What you need to do:
If a record contains a picture, skip the picture and transcribe the rest exactly.

[Source data]
*** Block opens ***

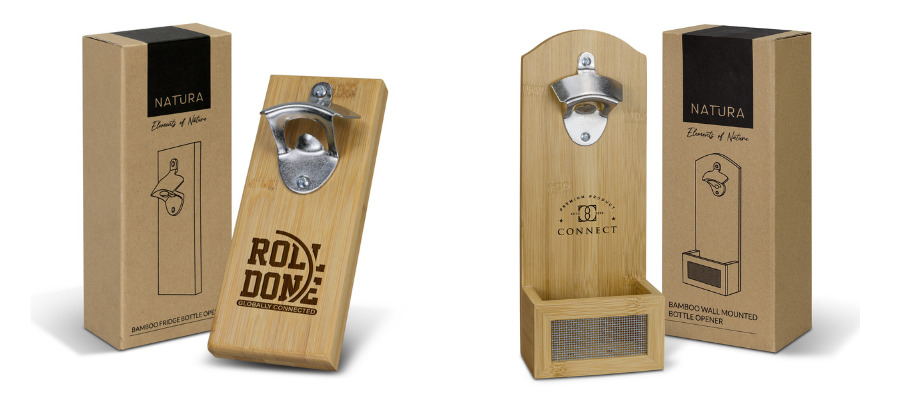 Unique and Memorable: Personalized Bottle Openers for Gifts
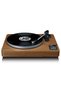 Automatic Turntable LBTA-165, Bluetooth, Wood - 6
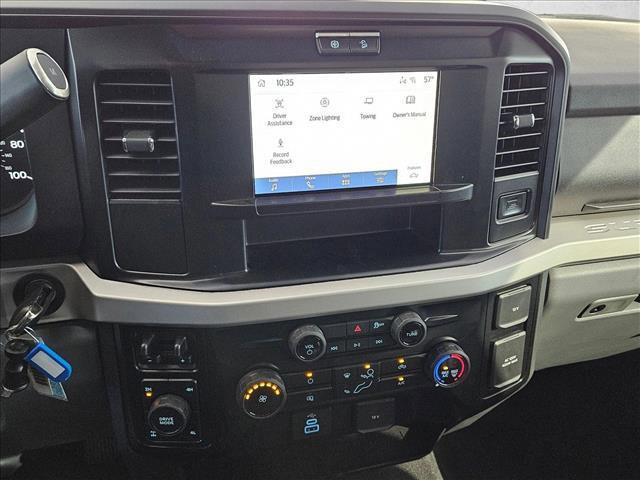 new 2025 Ford F-250 car, priced at $68,340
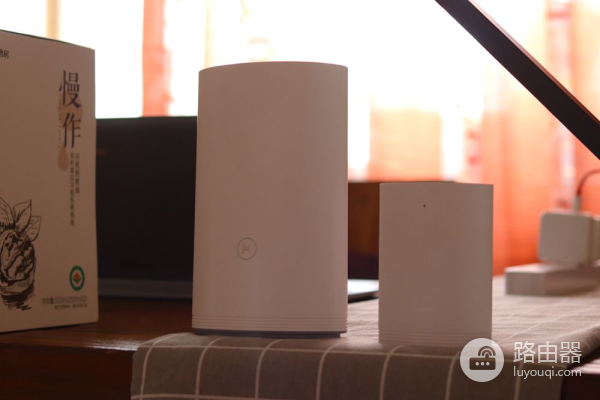 华为路由器组网部分(小白也能搞定的宽带升级及路由组网方案-华为路由 Q2 Pro)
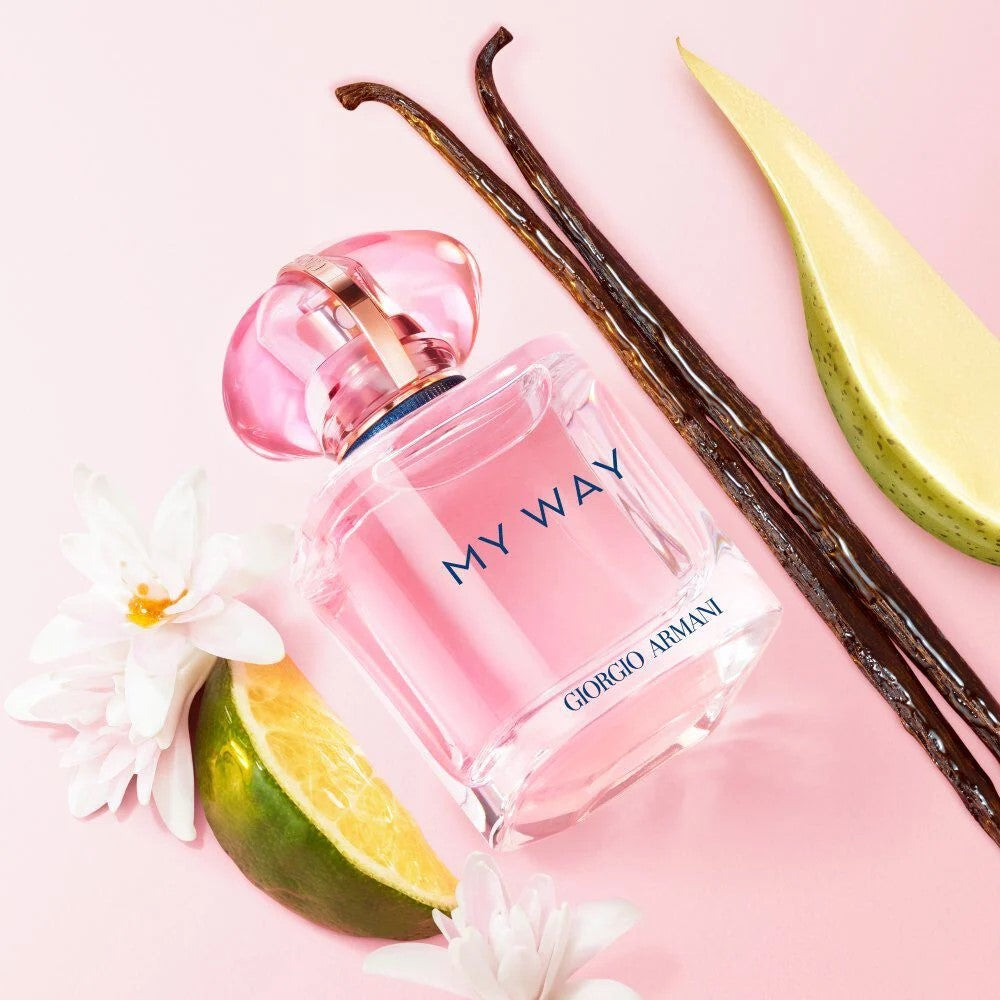 Armani My Way Nectar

*** Block closes ***

Answer to the exercise:
 Unique and Memorable: Personalized Bottle Openers for Gifts
 Automatic Turntable LBTA-165, Bluetooth, Wood - 6
 new 2025 Ford F-250 car, priced at $68,340
 华为路由器组网部分(小白也能搞定的宽带升级及路由组网方案-华为路由 Q2 Pro)
 Armani My Way Nectar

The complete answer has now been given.